25 de jun de 2008

avec le temps

avec le temps

eu sou da pior espécie, daqueles que vivem da escória alheia. ou da história. ou da mentira. niilista e secreto, percebi que já fiz tudo o que queria. eu sou o pretérito imperfeito. ou só o perfeito. eu fui a utopia de alguém e faleci como a flor do campo.
eu quero contar tudo o que aconteceu comigo, porque viver é melhor do que sonhar.

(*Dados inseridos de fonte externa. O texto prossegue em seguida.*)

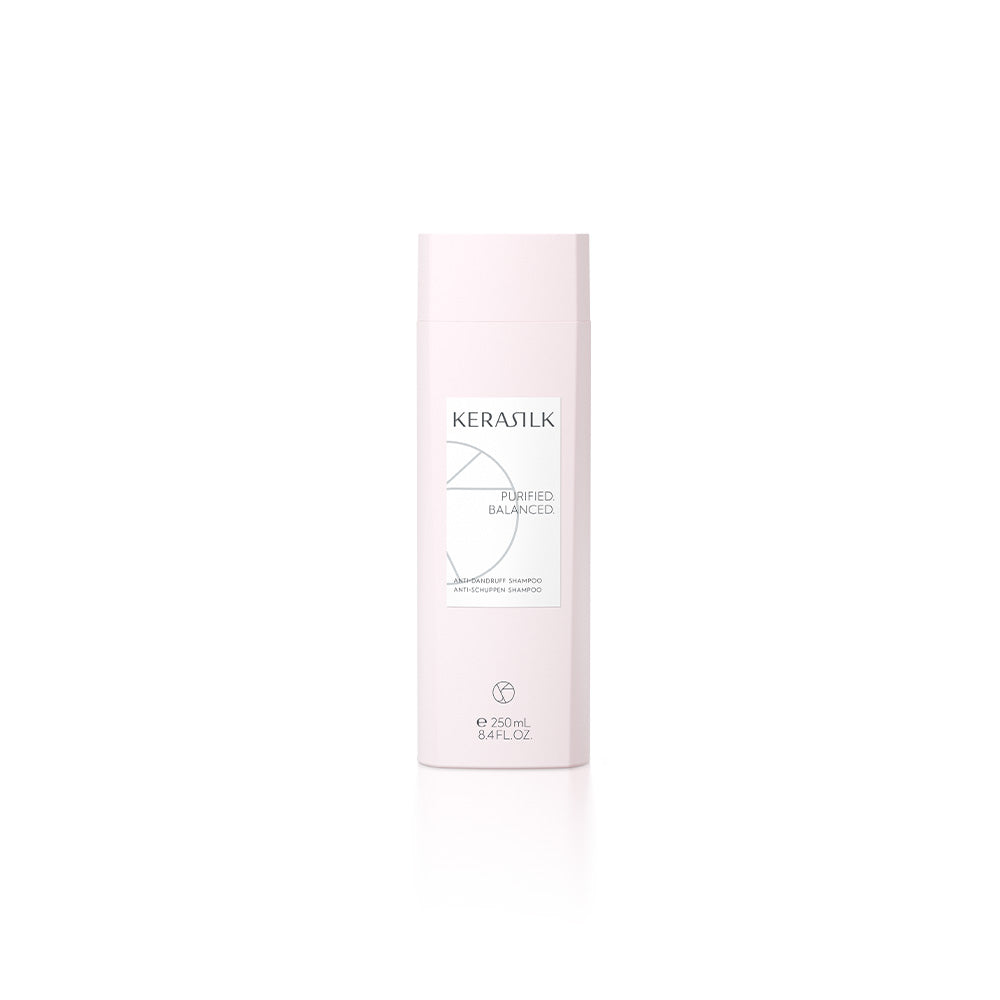 KERASILK Anti-Dandruff Shampoo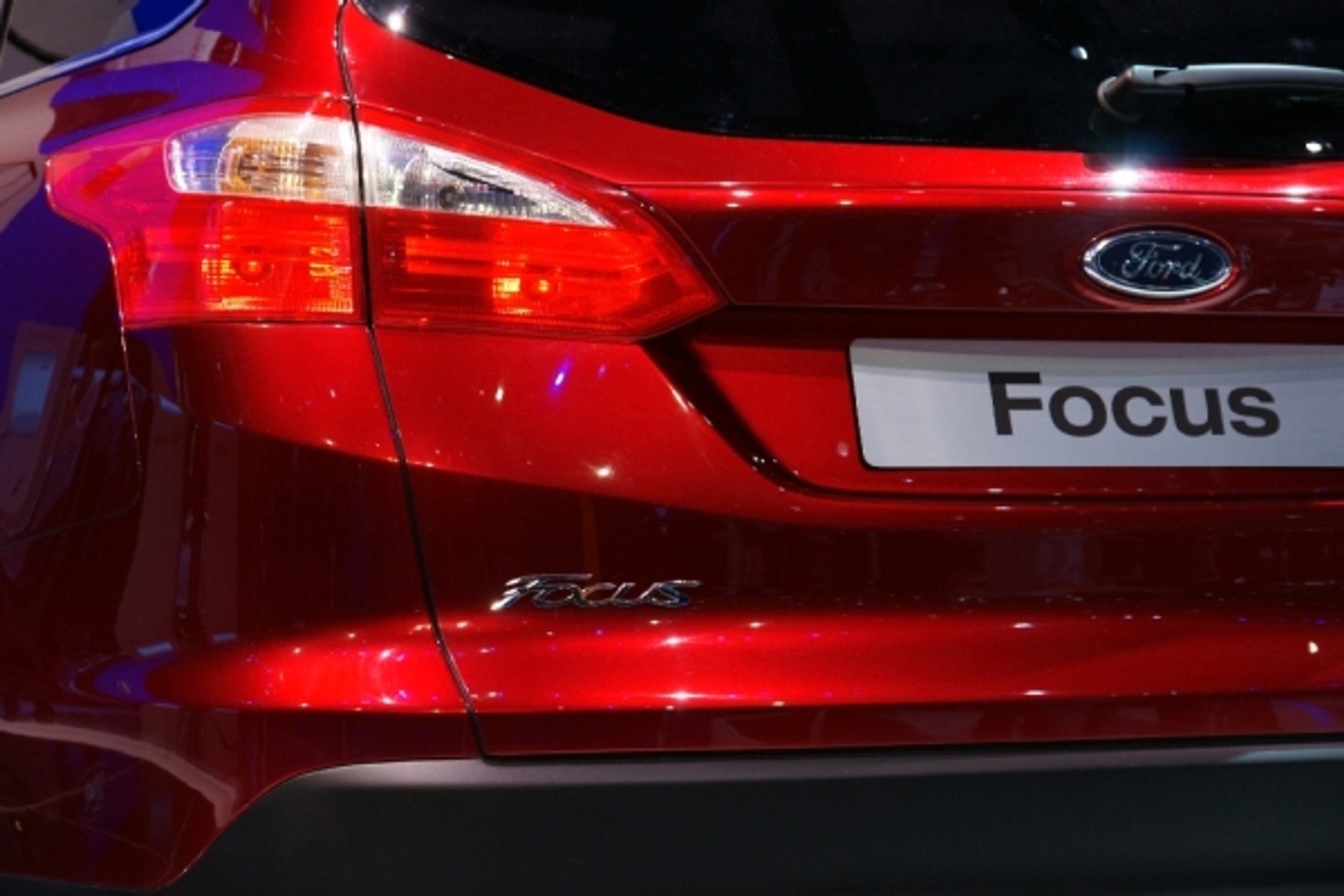 Genewa 2010: pierwszy dzień prasowy (galeria 2.)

avec le temps va tout s'en va

é quem ama o passado que não vê que o novo sempre vem. é disso que a gente tá falando aqui, do passado e do presente, do futuro e do inesperado. eu sou o cara que corre para todas as festas que é chamado, veste a melhor roupa pra mostrar a etiqueta e tá pouco ligando para o conforto, eu quero é ficar daquele jeito, que dá inveja. depois, lá, me sento na melhor mesa acompanhado das pessoas certas, é disso que a vida é feita: de bebidas caras, mesas ideais e pessoas certas, o resto a gente compra com o dinheiro que não é nosso. lá, tratado como um rei - e por ser, de fato - converso com um sorriso lateral, o meu melhor, e faço pouco caso do resto, falo mal dos amigos e elogio o inimigo. ninguém é de ninguém e a gente tem o que precisa. quando acabo, às 6h, saio bêbado e bambo, pego o meu carro e vou direto para casa. lá durmo como um anjo e finjo que nada aconteceu.

avec le temps tout s'evanoui

meu coração é uma ferida. depois do último relacionamento, da morte dura e fria que jogou-a longe de mim, eu me senti acabado e virei aquilo que nunca pensei em virar. desvirginei e aflorei qualquer parte desconhecida do meu corpo, com qualquer pessoa que me tocava, com qualquer pessoa que me olhava. eu botei a melhor ópera e transei com quem quis transar, no chão da minha sala, por cima, de boca calada, coordenando - como faço com o mundo - e acabando, jogando fora e pedindo um táxi, eu pago, eu posso. eu fumo um cigarro e dou de lado, foi só alguém que alimentou uma noite minha, alguém que não me deu carinho, só prazer, que nem o nome eu sei. eu posso. eu não tô por fora e nem inventando, foi assim, mesmo. depois eu li um livro, algum sociólogo ou filósofo que fala baboseiras pra tentar definir minha vida, que eu acredito e guardo e uso todos os dias. depois esqueço, é assim que funciona, a gente lê, agrega, fode, fuma e compra.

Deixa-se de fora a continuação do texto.